Tech Briefs: How many microgrids are there and how much of the town do they cover?

Ollis: There are two microgrids, which primarily cover the town square — the central part of the town — and the businesses located there. There are a variety of businesses: bakeries, pizzerias, hardware stores. There's a pharmacy, a church, a bank — basically the commerce center for that small town.

During Hurricane Maria, there was a lot of community gathering in that area. The pizzeria had its own generator and was able to feed people. The hardware store provided tools for people to do repairs on their homes.

So, our thought was that the businesses could set up their own cooperative to provide resiliency, which would then benefit the people living in the town. If another hurricane rolled through, they could continue to provide things like food, shelter, and water.

Each of the microgrids covers a certain portion of the businesses. There are seven or eight on one and about four or five on the other, totaling 13. It was designed that way based on the infrastructure layout — the distribution of loads. Some of the larger loads are on the smaller microgrid. So, for example, the bakery uses a lot of electrical energy to run ovens and coolers.

Solar panels installed on commercial buildings create independent microgrids in Adjuntas, Puerto Rico. Researchers at Oak Ridge National Laboratory are developing a new technology to manage how the microgrids work together. (Image: Fabio Andrade)

They were split up to have roughly about the same amounts of load and energy generation. Doing two also provides extra resiliency. If there was damage to one of the microgrids, the other could still be safely operated to provide some service.

Tech Briefs: Could you tell me about your orchestrator. What it does, how it interacts with the microgrids?

Ollis: In a microgrid, typically you have a controller that communicates with the assets — any solar, storage, generators, loads — anything that wants or needs to talk to their microgrids. Typically, the microgrid controller tells the battery when to charge or discharge. It coordinates the protection and a number of different functions.

But talking about microgrids coordinating with one another gets a little fuzzy. To my knowledge, I don't think there are any commercially available systems that can do coordination at a wide scale for microgrids, other than a full utility scale system — distributed energy resource management (DERM). And those can be expensive. A lot of utilities don’t have access to those, and even if they do, it depends on how much distributed energy there is, whether or not you're getting the full benefit of that type of system.

So, instead of going really big and trying to cover everything all at once, we designed this orchestrator to see what the microgrids can do to dispatch their assets and to coordinate them with one another. The orchestrator is designed to ensure that one microgrid is not pursuing a target or a use case or a set point that would be less resilient long term than if you had multiple microgrids.

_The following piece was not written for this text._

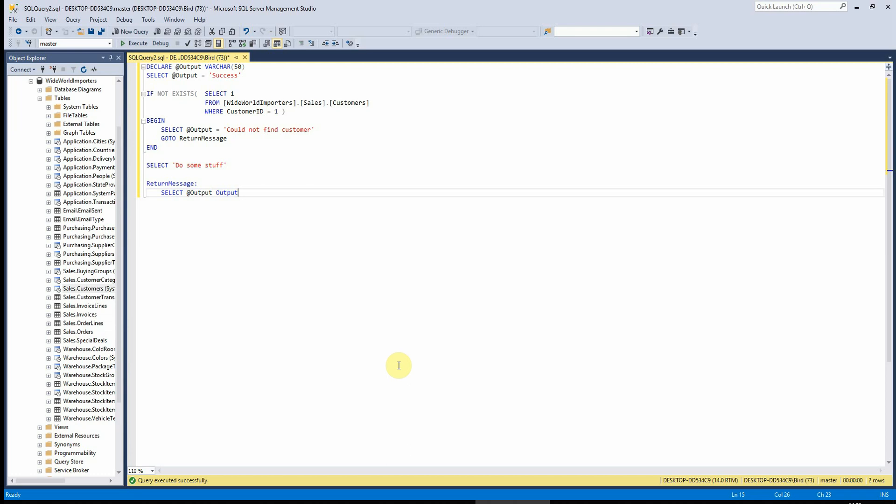This is similar to if in that it can be used to control the code flow. I quite often use these two together, which is why these two tutorials are back to back. And basically what go to does is it allows you to jump to specific sections of code.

So, for example, if you’re islanded [disconnected from the utility grid] for a long period of time, the battery energy in one of the microgrids might be running low — if it gets to zero you could black out that microgrid. However, the orchestrator could coordinate those two and share some energy so that both could stay up. The goal is to extend the life of the microgrids for as long as possible.

Tech Briefs: Are these both normally connected to the utility grid?

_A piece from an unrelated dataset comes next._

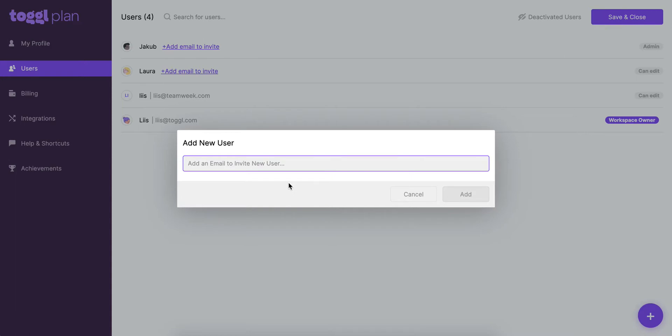Let's start off with inviting a real person to your workspace, so someone that you want to have login details and you want them to be able to sign in just as you do. So in order to do that we're just going to type in their email address like this.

Ollis: Yes, their normal operation is to be grid-connected. What that results in is they have to have agreements with the local utility — purchase agreements for energy exports and imports — things like that. Although they’re grid-connected, they are designed in such a way that they can operate grid-independent for long periods of time, or under ideal conditions, indefinitely, although there are practical limits. Our goal is for them to operate for as long as possible following a disaster.

Tech Briefs: What kinds of practical limits are there?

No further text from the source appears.